Dr Holloway said her analysis found that parents can enhance their children’s learning by using educational apps with their very young children. Source: Shutterstock

For several years, education practitioners have fretted over the impact of mobile technology upon the learning of students.

The mainstreaming of tablets and smartphones into education, conventional wisdom dictates, will negatively impact children’s attention spans, their handwriting, and other skills traditionally valued in our education systems.

But one researcher is suggesting the opposite – that there is an emerging “app gap” between young children whose parents encouraged them to use Internet-connected devices and those who did not. It seems children who have used devices like touch-screen tablets are better prepared for school.

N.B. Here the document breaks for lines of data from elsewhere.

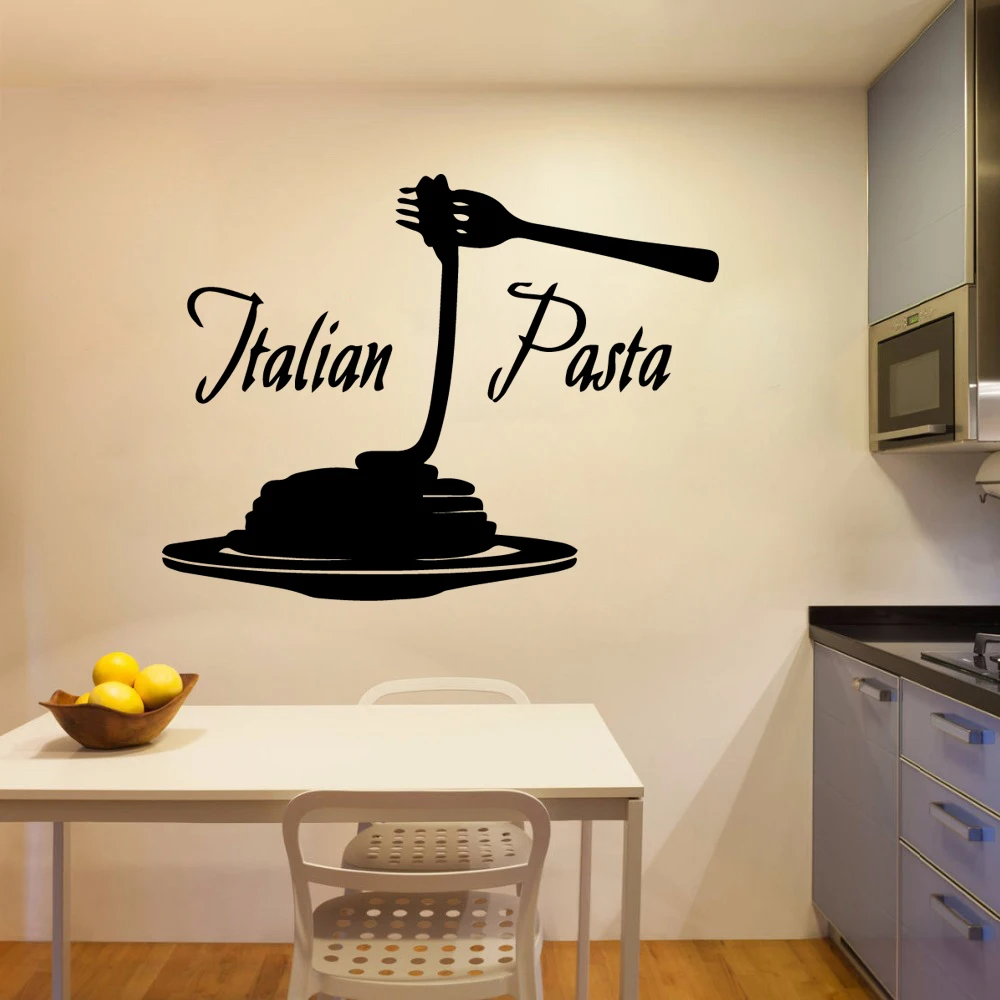 

Free shipping noodles Vinyl Self Adhesive Wallpaper Pvc Wall Decals Room Decoration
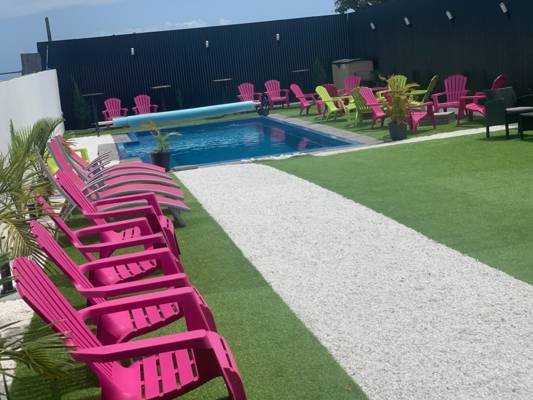 La Maison Des Filaos (Saint-Denis, Reunión)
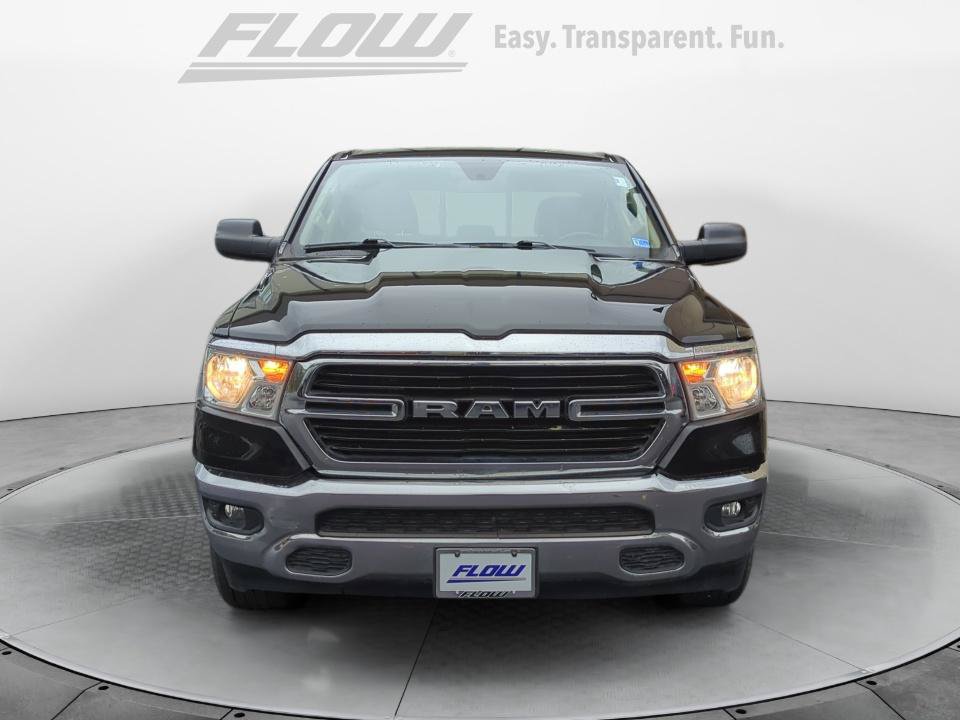 Used 2019 RAM 1500 Big Horn AWD/4WD image 3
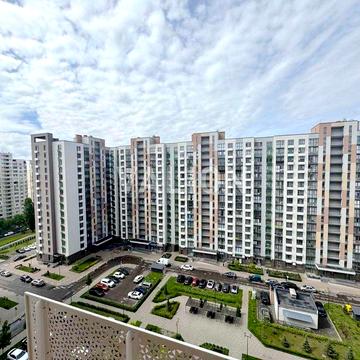 Продаж 1 к. квартири в ЖК «Мiсто квiтiв» по вул. Тираспольська буд.52 ЖК МЖК «Оболонь»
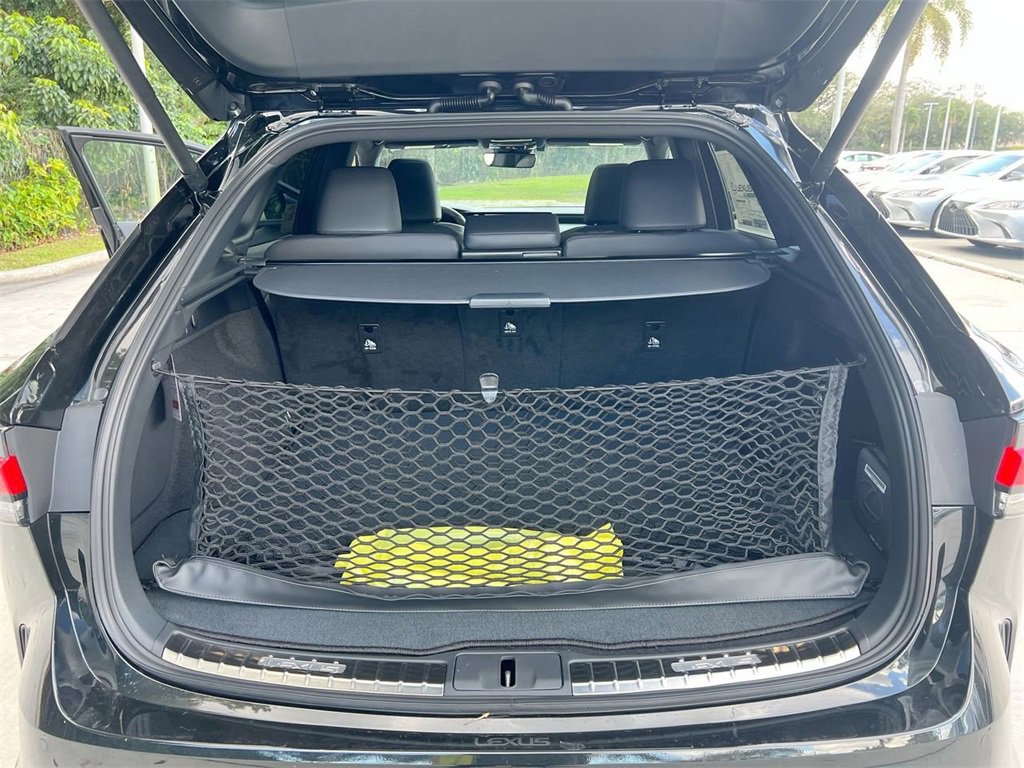 New 2026 Lexus RX 350h image 21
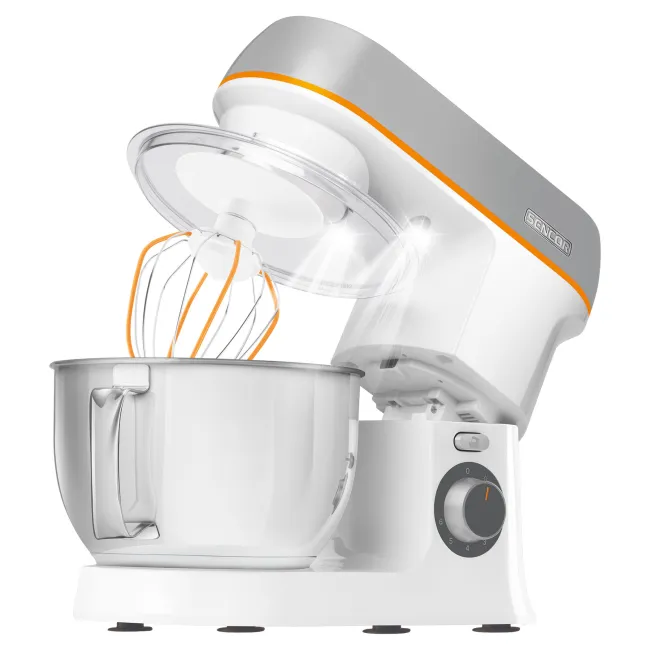 ROBOT PATISSIER 1000W GRIS/BLANC SENCOR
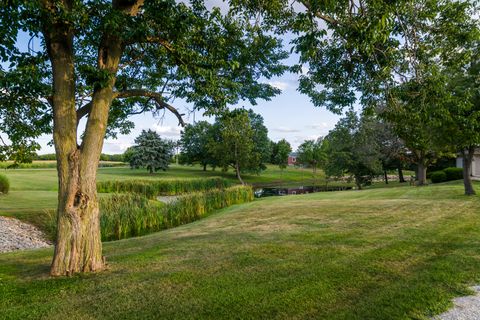 Tiny photo for 4789 Leghorn Road, Clinton, IL 61727 (MLS # 12461532)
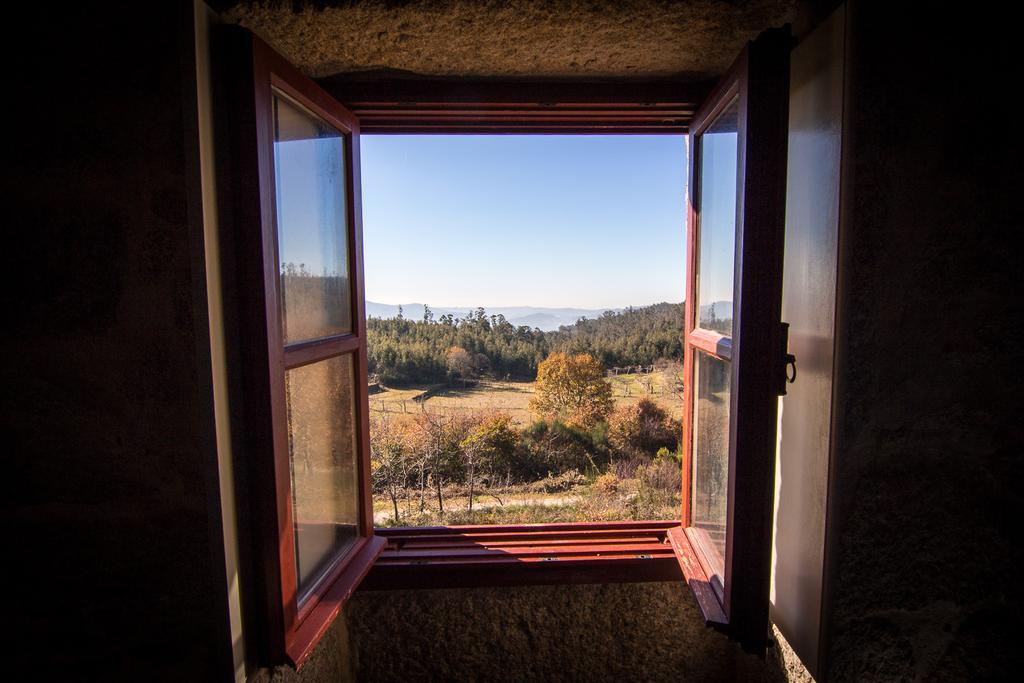 Casas Dos Avos Konuk evi Vale de Cambra Oda fotoğraf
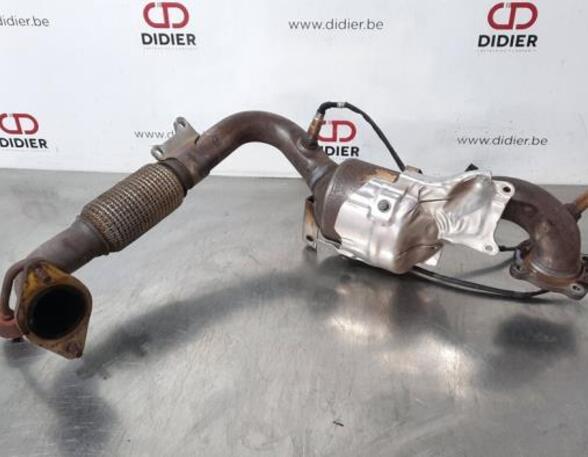 Catalytic Converter FORD TRANSIT COURIER B460 Box Body/MPV, FORD B-MAX (JK)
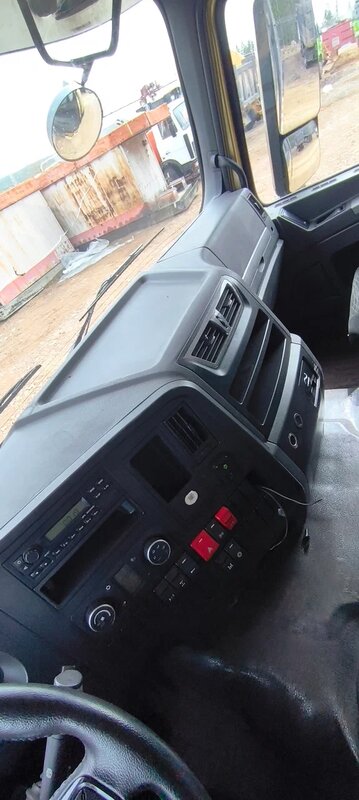 Shacman (Shaanxi) SX 8x4 Самосвал — фото 9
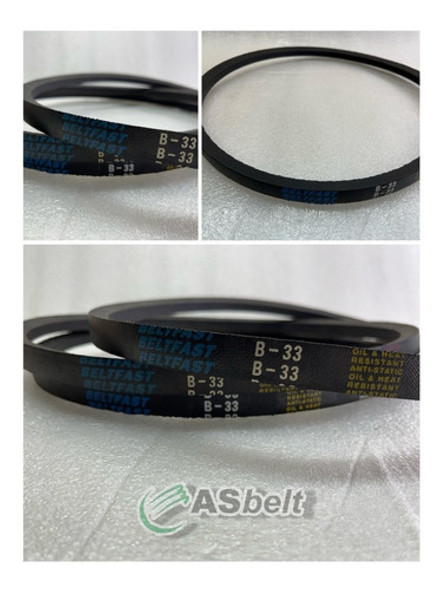 Correa Industrial B33 Beltfast 0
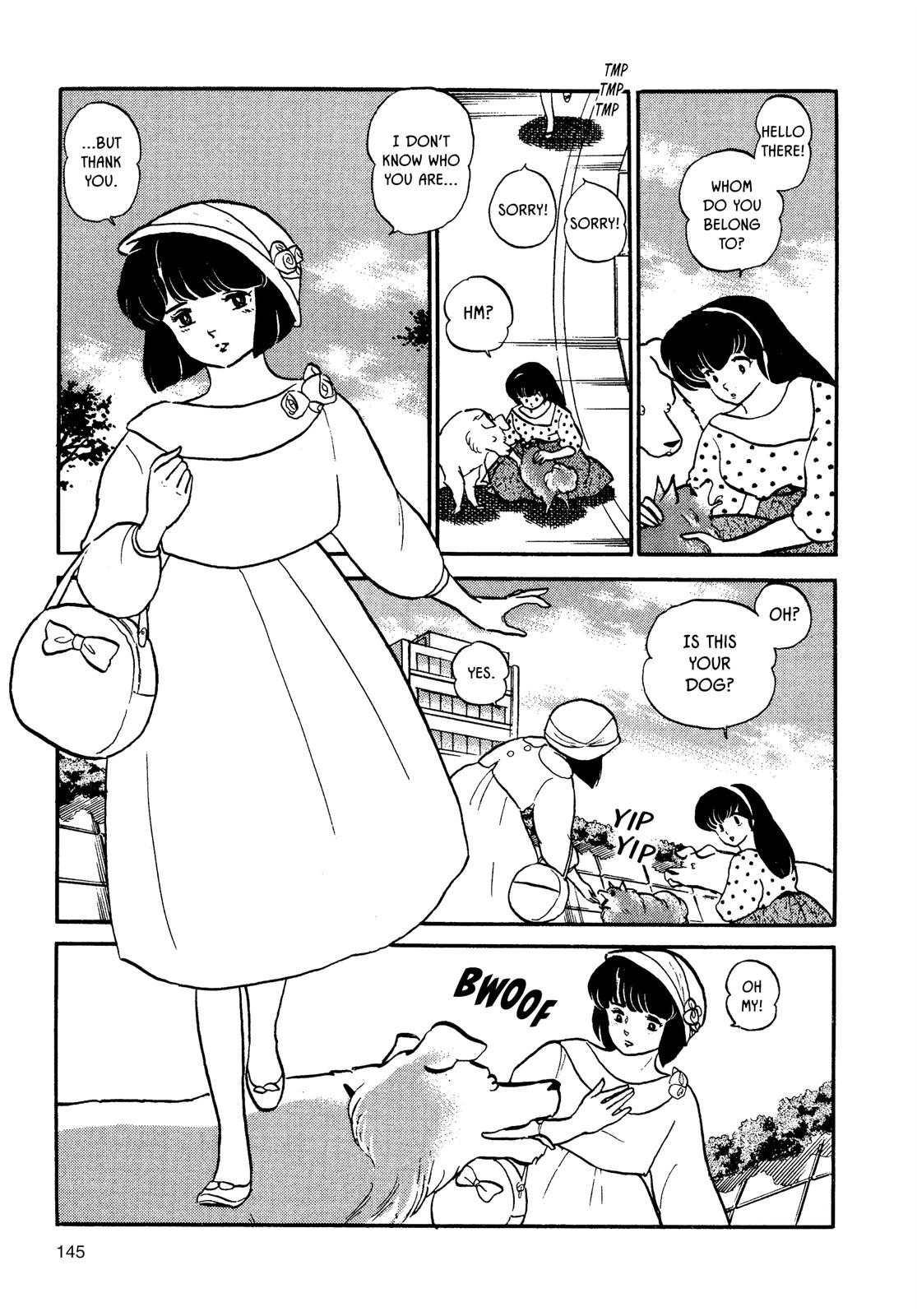 Maison Ikkoku Chapter 102 page 9 - Chapter 102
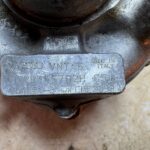 Turbina Audi A6 C5 1.9 TDI AFN AVG 1998 – 2001 Cod 028145702H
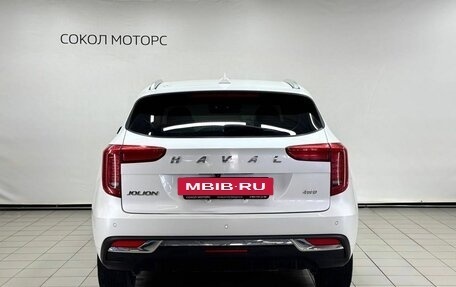 Haval Jolion, 2023 год, 1 969 900 рублей, 4 фотография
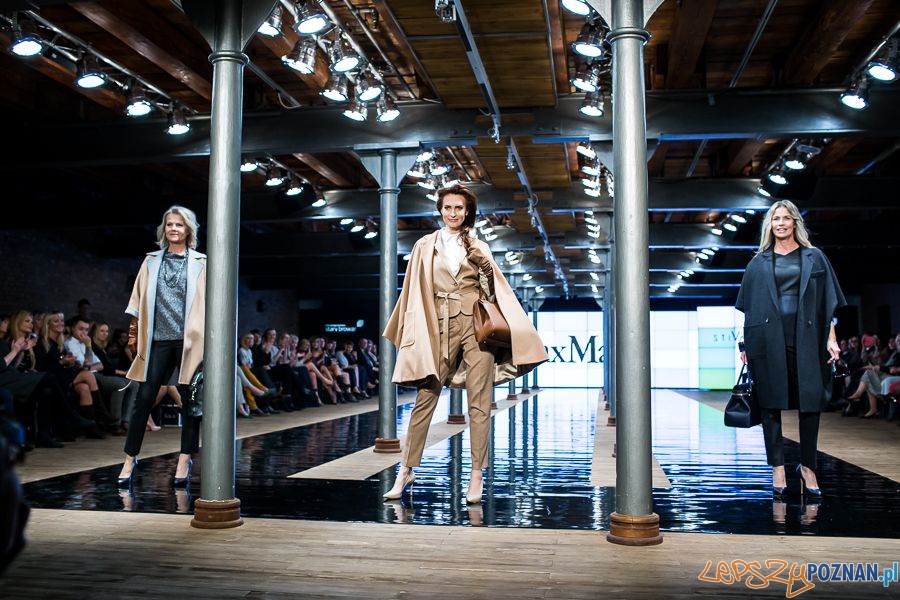 Klub Starego Browaru. Pokaz marki Max Mara z udziałem K. Butowtt, A. Maciąg, L. Popiel, Foto: M. Tokarczuk / Stary Browar Klub Starego Browaru. Pokaz marki Max Mara z udziałem K. Butowtt, A. Maciąg, L. Popiel, Foto: M. Tokarczuk / Stary Browar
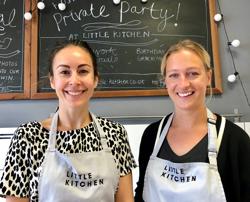 little kitchen madeline and claire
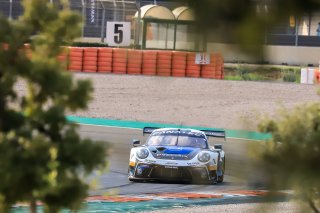 #54 Dinamic Motorsport ITA Porsche 911 GT3-R (991.II) Adrien De Leener BEL Christian Engelhart DEU Pro, Free Practice
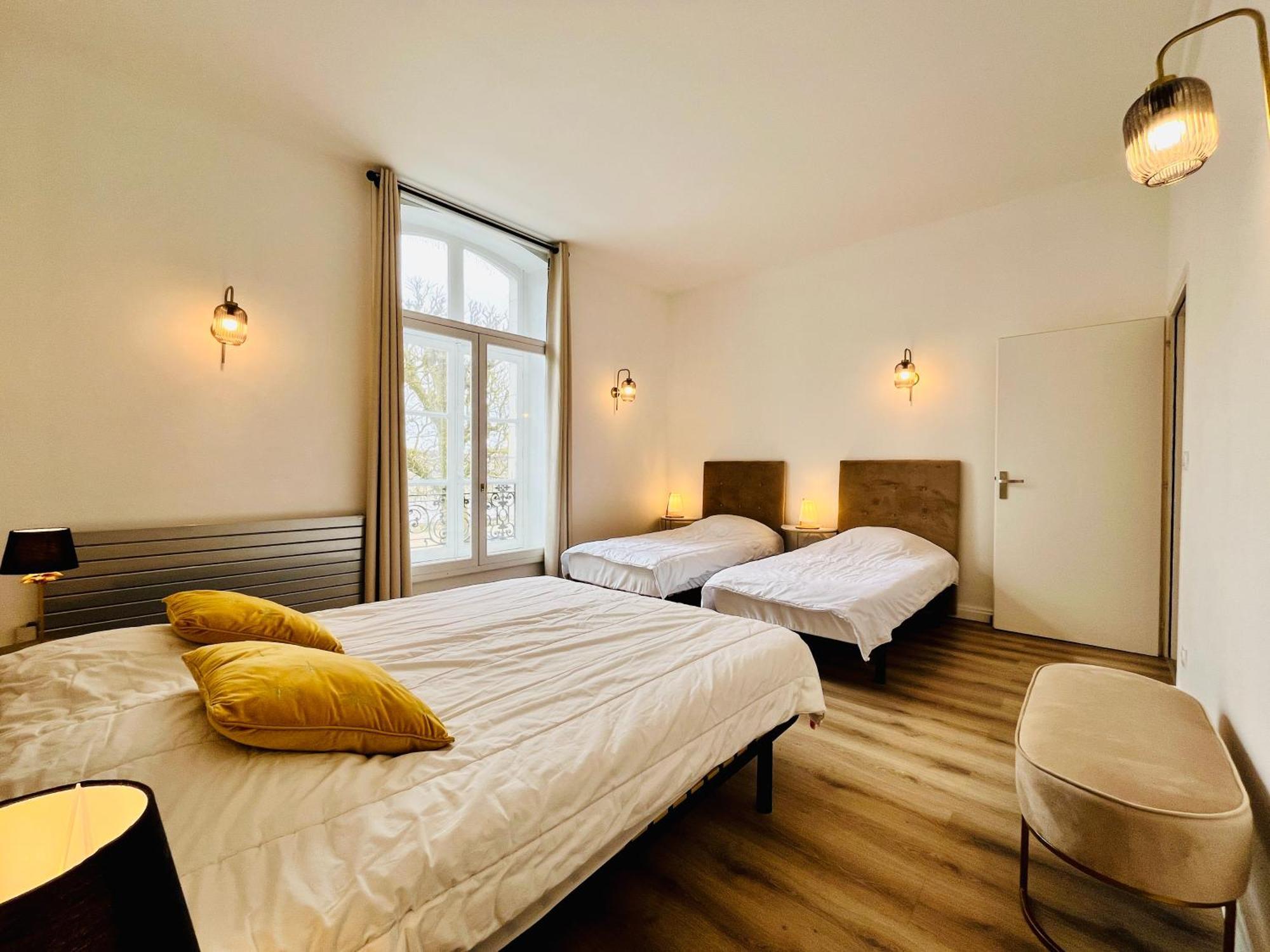 Hypercentre, Quai De Loire, Lumineux, Spacieux, Familial, Le Jehan De Saveuse 블루아 외부 사진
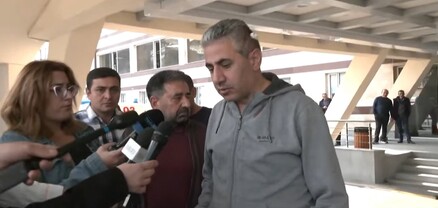 Մեկը մորուքով էր, բայց չեմ կարող ասել, որ Նիկոլ Փաշինյանն էր, կարծում եմ՝ պատվիրել էր. Էդգար Ղազարյան
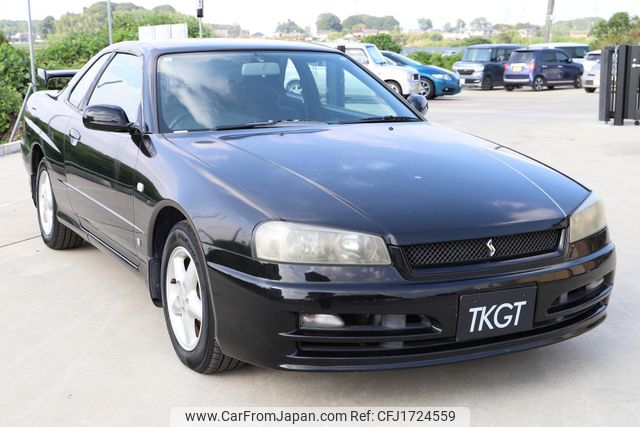 nissan skyline-coupe 2001 CFJ1724559 image 2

The research was conducted by Dr Donnell Holloway from Edith Cowan University (ECU) in Western Australia, who says “somewhere around the age of 10 to fourteen months a baby learns to point with his or her forefinger and is ready to tap and swipe a touchscreen.”

Parents’ attitudes vary towards teaching their young children using education apps, the ECU study found.

“There are many good apps available that families can consider.” Source: Shutterstock

“Some parents felt guilty about allowing their young children to use apps because of the opposing argument relating to screen time, childhood obesity or lack of children’s physical and imaginative play,” said Holloway, who recently presented the research at the Queensland University of Technology.

On the other hand, “some parents have run with the idea portrayed in advertising about the educational value of apps. Our research found that parents who were allowing their children to use apps tried to give them not just entertainment but some educational value in their app diet,” she said.

But Holloway told ABC News that there is “anecdotal evidence” from teachers that children who’ve used devices come to school with better literacy, numeracy and technical skills.

“Our analysis found that when parents co-use learning apps with their very young children, they add a layer of learning to the inbuilt tools that exist within the app to help navigate it,” Holloway said.

“There are many good apps available that families can consider, for example Reading Eggs. ABC Online also has some really great pre-reading and writing apps for young kids from about two years of age.”